Auch gäbe es außer den Tätigkeitsberichten der Kanzlei keine sonstigen Schriftstücke, die die Leistungen der Anwälte untermauern. Kein Beamter habe geprüft, ob diese Dienstleistungen auch tatsächlich erbracht worden sind. Bis zum 30. Juni 2022 habe die Stadt Temeswar an Schönherr insgesamt 785.632,34 Lei bezahlt, doch für die Zeitspanne vom 1. April bis zum 25. Mai 2022 habe sich die Stadtverwaltung geweigert, den Rechnungsprüfern überhaupt irgendwelche Dokumente vorzulegen.
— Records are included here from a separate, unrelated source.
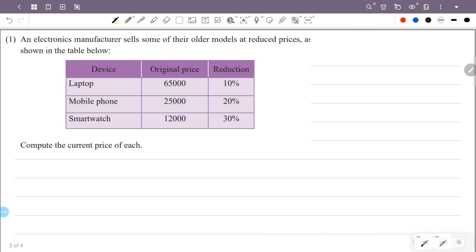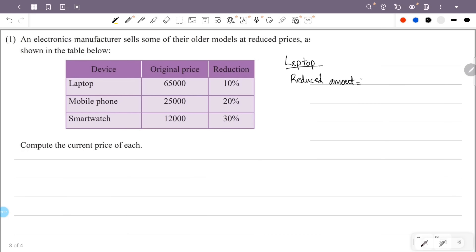An electronics manufacturer sells some of their older models at reduced prices as shown in the table below. We will compute the current price of each. This is an electronics manufacturer. We will look at older models in the shop and the reduction in their price. First, we will look at the laptop and its reduced amount.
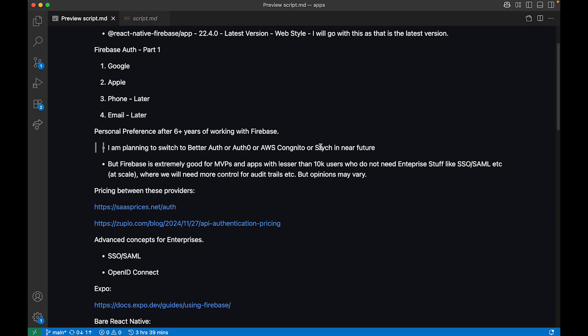For example, if you're going to make a big enterprise application with B2B, B2C, and B2B2C — where organizations, teams, audit trails, and so many things come into play — Firebase does have OpenID Connect, SSO, SAML, and those things, but it costs you an arm and a leg to implement all of that. If you go with Better Auth and already know best practices, it's good to go.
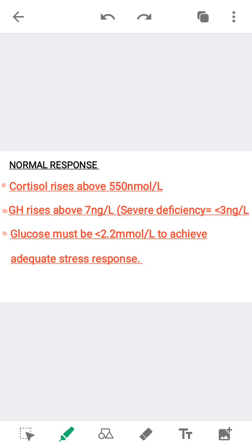The normal response of the test: if the HPA axis is working normally, cortisol should rise above 550 nanomoles per litre, and growth hormone will rise above 7 nanograms per litre. If growth hormone levels are less than 3 nanograms per litre, there is severe deficiency of growth hormone. Glucose must be less than 2.2 mmol per litre to achieve an adequate stress response.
Hierbei handele es sich aber um eine gesetzliche Pflicht.
Nach Kontrollen der Rechnungskammer aus den Monaten Juni und Juli 2021 sowie März 2022 habe die Stadtverwaltung die Schönherr-Anwälte dafür bezahlt, die Umsetzung der von den Rechnungsprüfern angeordneten Maßnahmen zu begleiten und unter anderem E-Mails zu verfassen, obwohl diese Aufgaben in den Kompetenzbereich der Leitung der Stadtverwaltung, also des Bürgermeisters, fallen. Bei der jetzigen Kontrolle habe die Stadtspitze den Prüfern versichert, andere angeordnete Maßnahmen umgesetzt zu haben, doch die Beweise dafür konnten nicht geliefert werden. So zum Beispiel habe man erklärt, dass man Strafanzeigen eingereicht habe, diese konnten jedoch nicht vorgelegt werden.
Die Temescher Rechnungskammer schlussfolgert, dass es sich bei dem Vertrag mit der Bukarester Anwaltskanzlei Schönherr um die Verschwendung von Haushaltsgeld handelt, die getätigten Ausgaben seien „ineffizient und unwirtschaftlich“. Ein Teil der angeblich erbrachten Dienstleistungen hätte der eigene Beamtenapparat erbringen können und erbringen müssen, ein anderer Teil stehe in keinem Zusammenhang mit dem angeführten Vertragsgegenstand.
Bemerkt wird ferner, dass die Stadtverwaltung die Durchführung der Kontrolle erschweren wollte: Man habe sich geweigert, Dokumente herauszugeben, um diese dann in allerletzter Minute zur Verfügung zu stellen, und Bürgermeister Fritz habe sich geweigert, auf den Fragenkatalog der Prüfer zu antworten. Dafür wurde gegen ihn eine Geldstrafe von 1500 Lei verhängt. Gegen den Prüfungsbericht der Temescher Rechnungskammer kann vor dem Verwaltungsgericht geklagt werden.